Arkhipov A, Shan Y, Kim ET, Shaw DE - PLoS Comput. Biol. (2014)

Bottom Line: This cooperativity is widely believed to be central to the effects of ligand concentration on EGFR-mediated intracellular signaling.Although the extracellular portion of the human EGFR dimer has been resolved crystallographically, the crystal structures do not reveal the structural origin of this negative cooperativity, which has remained unclear.Here we report the results of molecular dynamics simulations suggesting that asymmetrical interactions of the two binding sites with the membrane may be responsible (perhaps along with other factors) for this negative cooperativity.

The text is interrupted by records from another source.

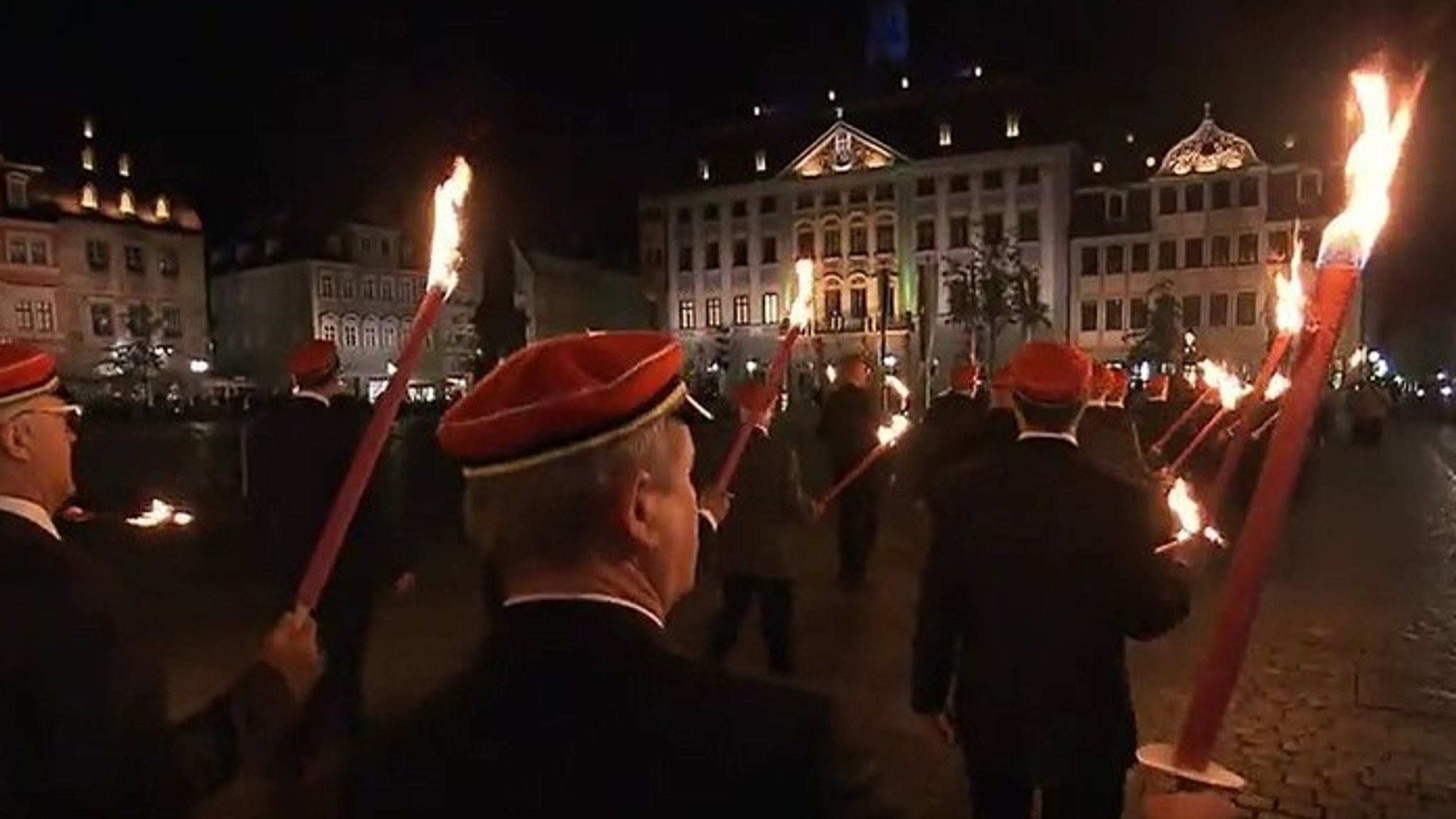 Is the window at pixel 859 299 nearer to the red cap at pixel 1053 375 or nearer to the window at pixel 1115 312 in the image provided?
the window at pixel 1115 312

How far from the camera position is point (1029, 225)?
7431 centimetres

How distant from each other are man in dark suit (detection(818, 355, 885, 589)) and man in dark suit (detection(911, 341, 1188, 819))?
6819 millimetres

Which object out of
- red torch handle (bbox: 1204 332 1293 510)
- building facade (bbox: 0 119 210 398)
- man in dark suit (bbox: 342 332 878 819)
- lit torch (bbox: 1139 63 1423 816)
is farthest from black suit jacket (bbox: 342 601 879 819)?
building facade (bbox: 0 119 210 398)

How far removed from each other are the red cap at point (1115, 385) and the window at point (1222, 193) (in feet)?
213

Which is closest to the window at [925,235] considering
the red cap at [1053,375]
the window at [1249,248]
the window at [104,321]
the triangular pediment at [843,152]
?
the triangular pediment at [843,152]

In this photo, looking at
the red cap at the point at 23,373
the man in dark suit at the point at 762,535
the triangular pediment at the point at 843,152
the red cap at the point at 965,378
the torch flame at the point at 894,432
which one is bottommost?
the man in dark suit at the point at 762,535

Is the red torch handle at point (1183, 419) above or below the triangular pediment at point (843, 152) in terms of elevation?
below

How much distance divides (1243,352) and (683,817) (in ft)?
242

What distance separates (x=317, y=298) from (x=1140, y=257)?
4806cm

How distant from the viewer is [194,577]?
38.3 feet

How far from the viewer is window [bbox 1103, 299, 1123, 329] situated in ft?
237

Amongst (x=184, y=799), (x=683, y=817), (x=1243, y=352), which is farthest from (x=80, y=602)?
(x=1243, y=352)

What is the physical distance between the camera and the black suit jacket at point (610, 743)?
143 centimetres

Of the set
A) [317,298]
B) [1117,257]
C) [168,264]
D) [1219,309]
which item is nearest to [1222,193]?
[1219,309] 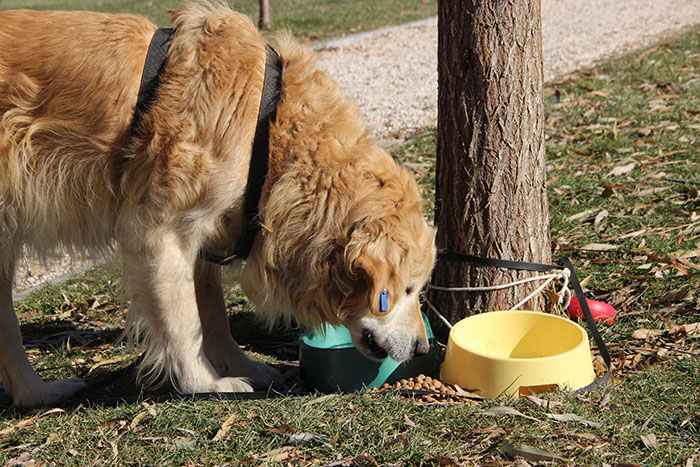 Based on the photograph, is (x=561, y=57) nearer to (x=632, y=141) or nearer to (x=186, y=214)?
(x=632, y=141)

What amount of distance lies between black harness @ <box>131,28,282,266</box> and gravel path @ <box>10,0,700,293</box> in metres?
2.52

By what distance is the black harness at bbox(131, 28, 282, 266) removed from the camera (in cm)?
340

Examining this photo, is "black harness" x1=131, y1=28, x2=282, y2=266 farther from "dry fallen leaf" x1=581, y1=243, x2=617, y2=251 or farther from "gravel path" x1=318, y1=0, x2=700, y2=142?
"gravel path" x1=318, y1=0, x2=700, y2=142

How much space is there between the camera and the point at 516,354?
3996 mm

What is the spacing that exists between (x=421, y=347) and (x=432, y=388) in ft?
0.69

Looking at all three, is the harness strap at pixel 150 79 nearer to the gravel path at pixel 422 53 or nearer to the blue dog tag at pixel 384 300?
the blue dog tag at pixel 384 300

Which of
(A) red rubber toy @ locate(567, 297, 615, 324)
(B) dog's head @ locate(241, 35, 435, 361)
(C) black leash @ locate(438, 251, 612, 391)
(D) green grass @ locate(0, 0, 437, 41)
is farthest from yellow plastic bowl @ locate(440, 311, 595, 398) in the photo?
(D) green grass @ locate(0, 0, 437, 41)

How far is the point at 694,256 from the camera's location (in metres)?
4.73

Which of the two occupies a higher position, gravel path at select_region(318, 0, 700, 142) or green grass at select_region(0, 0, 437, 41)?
green grass at select_region(0, 0, 437, 41)

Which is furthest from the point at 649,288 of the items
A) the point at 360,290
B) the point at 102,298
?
the point at 102,298

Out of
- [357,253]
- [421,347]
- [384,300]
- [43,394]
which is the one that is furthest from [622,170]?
[43,394]

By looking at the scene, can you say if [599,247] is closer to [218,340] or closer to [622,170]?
[622,170]

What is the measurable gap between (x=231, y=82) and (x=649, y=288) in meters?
2.85

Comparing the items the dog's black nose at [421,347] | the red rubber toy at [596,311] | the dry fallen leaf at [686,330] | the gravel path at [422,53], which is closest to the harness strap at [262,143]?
the dog's black nose at [421,347]
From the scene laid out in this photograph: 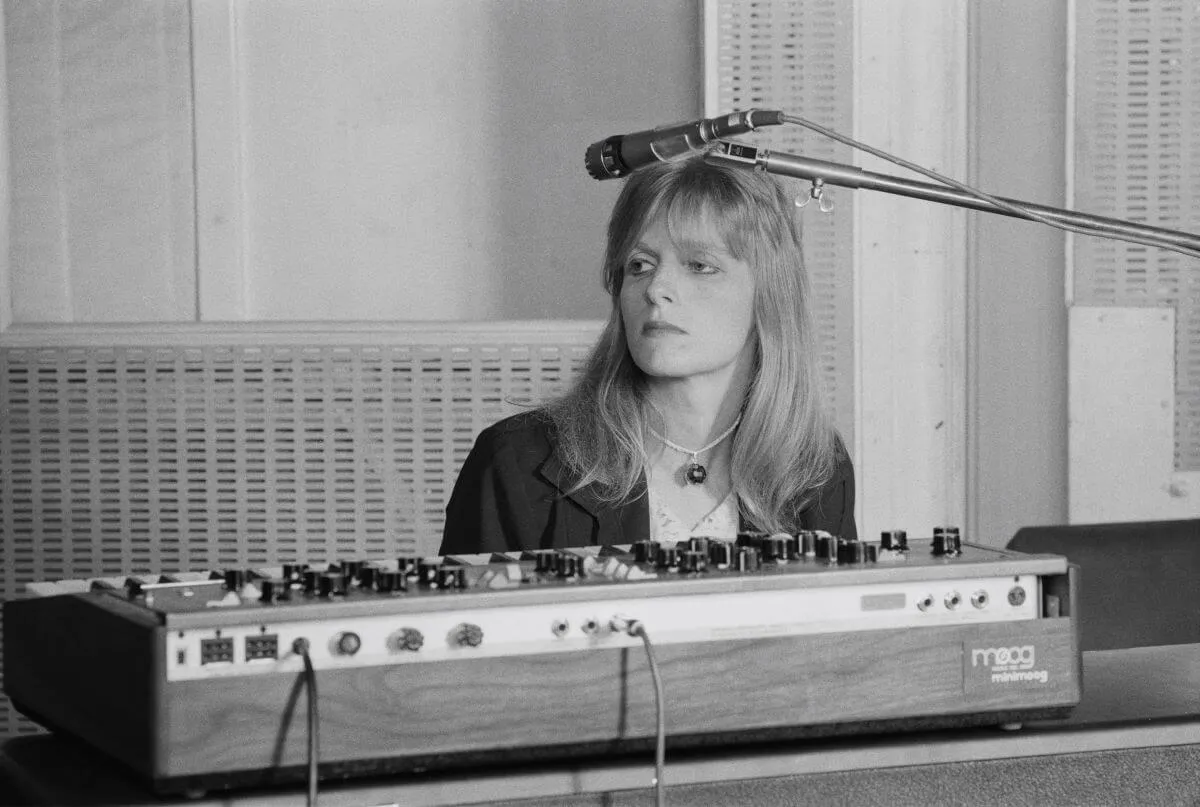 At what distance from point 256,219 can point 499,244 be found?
0.74m

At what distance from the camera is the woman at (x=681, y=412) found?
2.52 m

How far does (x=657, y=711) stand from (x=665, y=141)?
582 mm

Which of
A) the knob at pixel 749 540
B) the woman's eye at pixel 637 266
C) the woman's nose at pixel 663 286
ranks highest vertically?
the woman's eye at pixel 637 266

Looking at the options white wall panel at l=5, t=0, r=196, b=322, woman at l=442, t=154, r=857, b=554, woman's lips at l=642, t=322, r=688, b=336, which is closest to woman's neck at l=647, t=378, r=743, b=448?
woman at l=442, t=154, r=857, b=554

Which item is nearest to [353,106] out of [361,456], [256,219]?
[256,219]

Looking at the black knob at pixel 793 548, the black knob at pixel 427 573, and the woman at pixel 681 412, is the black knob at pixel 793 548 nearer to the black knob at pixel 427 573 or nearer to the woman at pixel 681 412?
the black knob at pixel 427 573

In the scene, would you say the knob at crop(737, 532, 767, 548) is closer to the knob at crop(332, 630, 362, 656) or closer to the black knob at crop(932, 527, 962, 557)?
the black knob at crop(932, 527, 962, 557)

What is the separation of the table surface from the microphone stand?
526mm

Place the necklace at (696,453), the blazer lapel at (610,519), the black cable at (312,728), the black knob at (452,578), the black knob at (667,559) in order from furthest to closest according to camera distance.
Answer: the necklace at (696,453), the blazer lapel at (610,519), the black knob at (667,559), the black knob at (452,578), the black cable at (312,728)

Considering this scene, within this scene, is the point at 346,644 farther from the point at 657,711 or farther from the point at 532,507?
the point at 532,507

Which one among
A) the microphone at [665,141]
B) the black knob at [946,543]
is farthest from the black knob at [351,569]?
the black knob at [946,543]

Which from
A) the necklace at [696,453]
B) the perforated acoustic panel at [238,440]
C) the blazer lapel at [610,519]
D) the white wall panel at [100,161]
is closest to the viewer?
the blazer lapel at [610,519]

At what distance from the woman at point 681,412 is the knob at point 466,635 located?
43.7 inches

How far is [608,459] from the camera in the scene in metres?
2.55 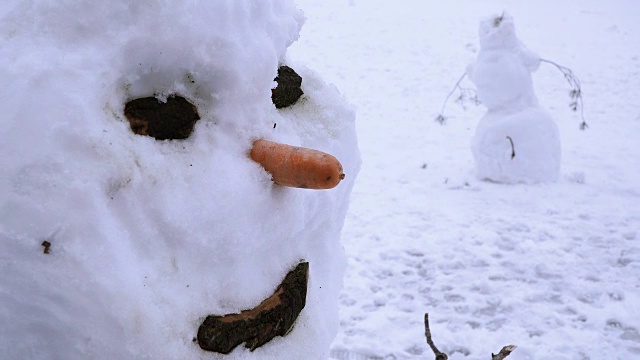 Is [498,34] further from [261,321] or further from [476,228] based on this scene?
[261,321]

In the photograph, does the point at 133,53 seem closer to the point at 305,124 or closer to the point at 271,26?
the point at 271,26

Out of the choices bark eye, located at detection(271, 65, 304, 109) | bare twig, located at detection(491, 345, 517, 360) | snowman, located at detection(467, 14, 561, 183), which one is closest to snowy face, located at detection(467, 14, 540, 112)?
snowman, located at detection(467, 14, 561, 183)

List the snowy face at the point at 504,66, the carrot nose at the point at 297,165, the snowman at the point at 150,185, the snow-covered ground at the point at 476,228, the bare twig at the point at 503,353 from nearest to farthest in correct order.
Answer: the snowman at the point at 150,185
the carrot nose at the point at 297,165
the bare twig at the point at 503,353
the snow-covered ground at the point at 476,228
the snowy face at the point at 504,66

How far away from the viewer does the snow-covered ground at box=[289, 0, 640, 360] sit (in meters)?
3.48

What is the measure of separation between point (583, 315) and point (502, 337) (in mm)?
592

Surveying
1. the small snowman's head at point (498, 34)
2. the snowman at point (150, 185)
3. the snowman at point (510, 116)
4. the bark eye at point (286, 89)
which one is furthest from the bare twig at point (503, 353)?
the small snowman's head at point (498, 34)

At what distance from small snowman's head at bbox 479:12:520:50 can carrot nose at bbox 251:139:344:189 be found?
491cm

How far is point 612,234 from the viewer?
4.79m

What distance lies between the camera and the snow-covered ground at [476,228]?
348 cm

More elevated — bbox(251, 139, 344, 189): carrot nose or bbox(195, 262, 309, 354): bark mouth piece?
bbox(251, 139, 344, 189): carrot nose

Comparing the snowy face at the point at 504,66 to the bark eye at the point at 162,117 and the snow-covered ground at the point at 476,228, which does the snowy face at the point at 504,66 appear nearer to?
the snow-covered ground at the point at 476,228

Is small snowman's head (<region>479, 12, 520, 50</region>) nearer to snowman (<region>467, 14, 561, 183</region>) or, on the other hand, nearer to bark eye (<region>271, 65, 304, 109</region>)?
snowman (<region>467, 14, 561, 183</region>)

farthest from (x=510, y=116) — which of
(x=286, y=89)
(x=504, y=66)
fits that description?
(x=286, y=89)

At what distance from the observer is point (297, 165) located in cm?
109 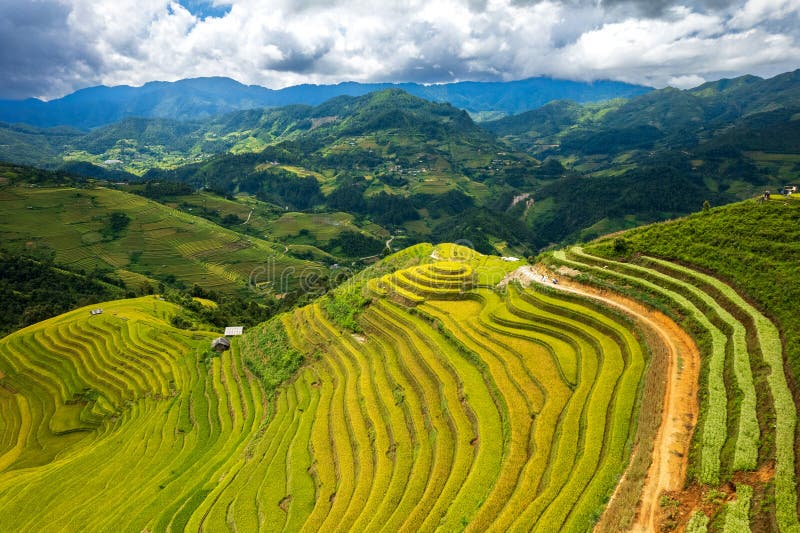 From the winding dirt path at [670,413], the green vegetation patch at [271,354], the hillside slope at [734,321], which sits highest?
the hillside slope at [734,321]

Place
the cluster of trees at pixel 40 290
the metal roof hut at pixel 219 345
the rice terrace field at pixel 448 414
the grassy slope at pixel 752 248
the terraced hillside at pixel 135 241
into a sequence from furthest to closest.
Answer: the terraced hillside at pixel 135 241, the cluster of trees at pixel 40 290, the metal roof hut at pixel 219 345, the grassy slope at pixel 752 248, the rice terrace field at pixel 448 414

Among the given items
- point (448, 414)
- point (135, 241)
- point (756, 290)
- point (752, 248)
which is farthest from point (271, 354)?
point (135, 241)

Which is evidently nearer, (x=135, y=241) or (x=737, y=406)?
(x=737, y=406)

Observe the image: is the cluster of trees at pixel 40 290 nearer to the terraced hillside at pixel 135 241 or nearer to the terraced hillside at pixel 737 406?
the terraced hillside at pixel 135 241

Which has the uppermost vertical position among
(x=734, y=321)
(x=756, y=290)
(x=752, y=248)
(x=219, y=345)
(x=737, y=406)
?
(x=752, y=248)

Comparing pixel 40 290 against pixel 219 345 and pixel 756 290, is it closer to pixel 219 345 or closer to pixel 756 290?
pixel 219 345

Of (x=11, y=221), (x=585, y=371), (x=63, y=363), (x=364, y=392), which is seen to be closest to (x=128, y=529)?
(x=364, y=392)

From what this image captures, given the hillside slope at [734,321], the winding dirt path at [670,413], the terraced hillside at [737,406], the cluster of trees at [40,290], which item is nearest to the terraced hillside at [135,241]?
the cluster of trees at [40,290] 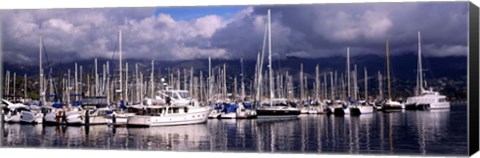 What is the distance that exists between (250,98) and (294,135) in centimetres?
163

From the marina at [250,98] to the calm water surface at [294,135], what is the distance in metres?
0.05

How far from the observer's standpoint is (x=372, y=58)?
2814cm

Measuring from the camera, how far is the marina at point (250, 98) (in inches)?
1096

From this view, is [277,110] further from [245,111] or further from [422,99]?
[422,99]

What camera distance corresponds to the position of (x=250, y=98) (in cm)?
3112

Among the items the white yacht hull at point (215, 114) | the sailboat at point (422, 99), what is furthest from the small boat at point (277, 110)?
the sailboat at point (422, 99)

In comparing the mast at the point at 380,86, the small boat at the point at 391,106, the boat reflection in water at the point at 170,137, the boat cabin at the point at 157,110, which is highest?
the mast at the point at 380,86

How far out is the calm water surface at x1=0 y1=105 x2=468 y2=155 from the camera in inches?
1083

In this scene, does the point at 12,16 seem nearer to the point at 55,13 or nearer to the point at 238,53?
the point at 55,13

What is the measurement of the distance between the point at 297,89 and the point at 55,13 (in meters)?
7.17

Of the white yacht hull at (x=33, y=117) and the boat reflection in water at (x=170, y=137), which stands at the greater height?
the white yacht hull at (x=33, y=117)

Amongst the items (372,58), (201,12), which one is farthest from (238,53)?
(372,58)

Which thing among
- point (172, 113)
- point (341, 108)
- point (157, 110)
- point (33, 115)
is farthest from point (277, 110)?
point (33, 115)

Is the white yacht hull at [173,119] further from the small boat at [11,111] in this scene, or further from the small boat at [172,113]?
the small boat at [11,111] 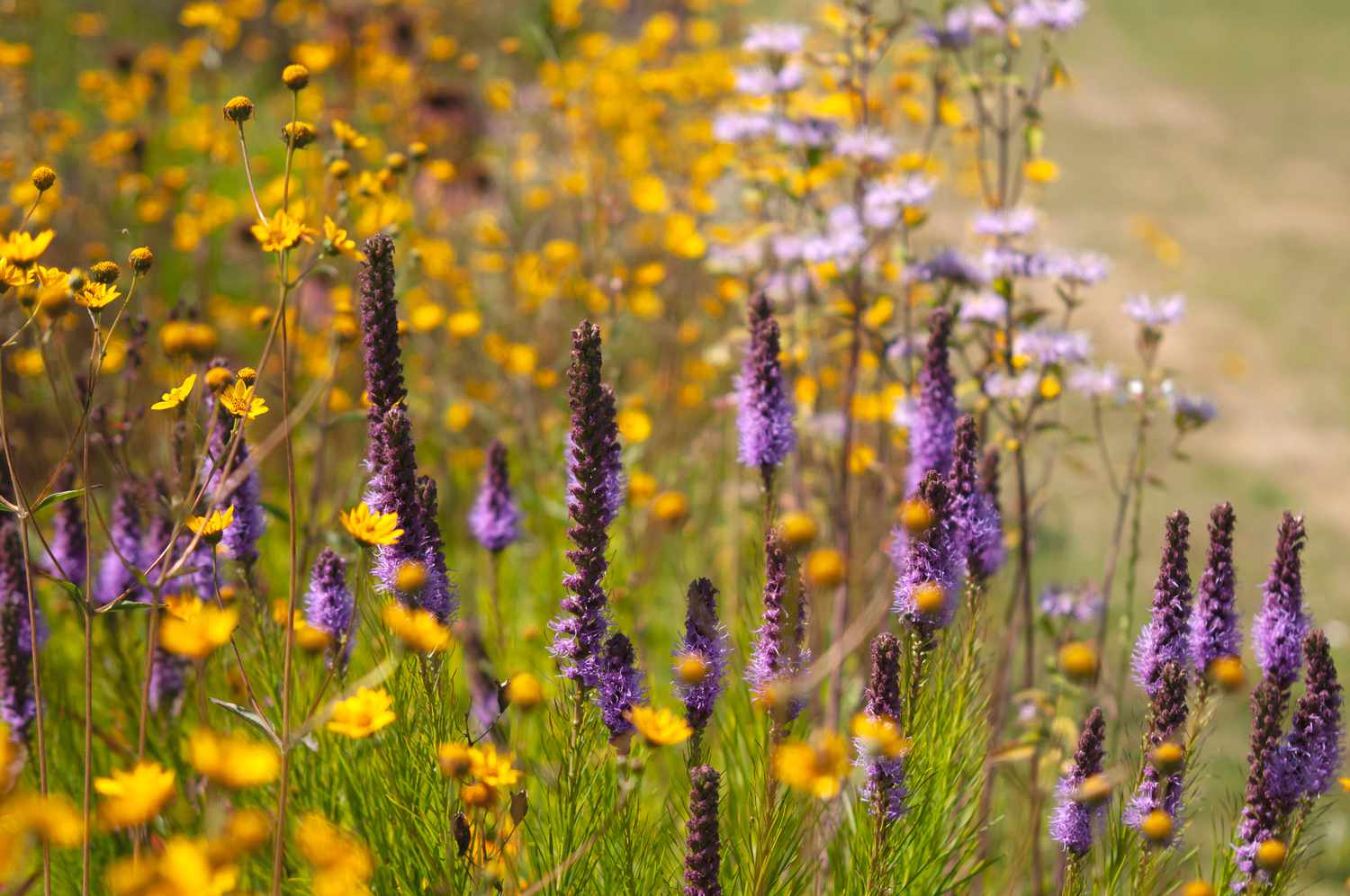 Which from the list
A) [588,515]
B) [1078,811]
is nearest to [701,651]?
[588,515]

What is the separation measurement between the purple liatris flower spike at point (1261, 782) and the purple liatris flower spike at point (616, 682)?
0.99 m

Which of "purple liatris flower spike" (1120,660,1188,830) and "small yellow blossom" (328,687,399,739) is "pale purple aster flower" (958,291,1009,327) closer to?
"purple liatris flower spike" (1120,660,1188,830)

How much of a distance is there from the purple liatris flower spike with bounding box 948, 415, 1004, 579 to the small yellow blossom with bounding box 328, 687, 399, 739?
3.21ft

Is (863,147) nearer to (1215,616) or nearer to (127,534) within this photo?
(1215,616)

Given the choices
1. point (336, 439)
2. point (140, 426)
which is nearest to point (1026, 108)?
point (140, 426)

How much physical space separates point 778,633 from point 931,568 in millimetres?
268

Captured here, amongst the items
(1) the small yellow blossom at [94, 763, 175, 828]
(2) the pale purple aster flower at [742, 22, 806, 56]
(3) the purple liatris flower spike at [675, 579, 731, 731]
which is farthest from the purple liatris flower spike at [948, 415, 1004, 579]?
(2) the pale purple aster flower at [742, 22, 806, 56]

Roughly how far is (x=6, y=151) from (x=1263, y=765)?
558cm

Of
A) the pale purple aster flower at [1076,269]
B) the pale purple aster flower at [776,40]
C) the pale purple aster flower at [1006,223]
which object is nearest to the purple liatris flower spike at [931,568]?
the pale purple aster flower at [1076,269]

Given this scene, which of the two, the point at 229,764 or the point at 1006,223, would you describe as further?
the point at 1006,223

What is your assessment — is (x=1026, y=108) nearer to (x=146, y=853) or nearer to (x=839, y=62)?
(x=839, y=62)

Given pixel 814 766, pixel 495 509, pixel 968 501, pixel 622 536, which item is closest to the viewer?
pixel 814 766

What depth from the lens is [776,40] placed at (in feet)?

View Article: PubMed Central - PubMed

Affiliation: D. E. Shaw Research, New York, New York, United States of America.

ABSTRACT
The epidermal growth factor receptor (EGFR) plays a key role in regulating cell proliferation, migration, and differentiation, and aberrant EGFR signaling is implicated in a variety of cancers. EGFR signaling is triggered by extracellular ligand binding, which promotes EGFR dimerization and activation. Ligand-binding measurements are consistent with a negatively cooperative model in which the ligand-binding affinity at either binding site in an EGFR dimer is weaker when the other site is occupied by a ligand. This cooperativity is widely believed to be central to the effects of ligand concentration on EGFR-mediated intracellular signaling. Although the extracellular portion of the human EGFR dimer has been resolved crystallographically, the crystal structures do not reveal the structural origin of this negative cooperativity, which has remained unclear. Here we report the results of molecular dynamics simulations suggesting that asymmetrical interactions of the two binding sites with the membrane may be responsible (perhaps along with other factors) for this negative cooperativity. In particular, in our simulations the extracellular domains of an EGFR dimer spontaneously lay down on the membrane in an orientation in which favorable membrane contacts were made with one of the bound ligands, but could not be made with the other. Similar interactions were observed when EGFR was glycosylated, as it is in vivo.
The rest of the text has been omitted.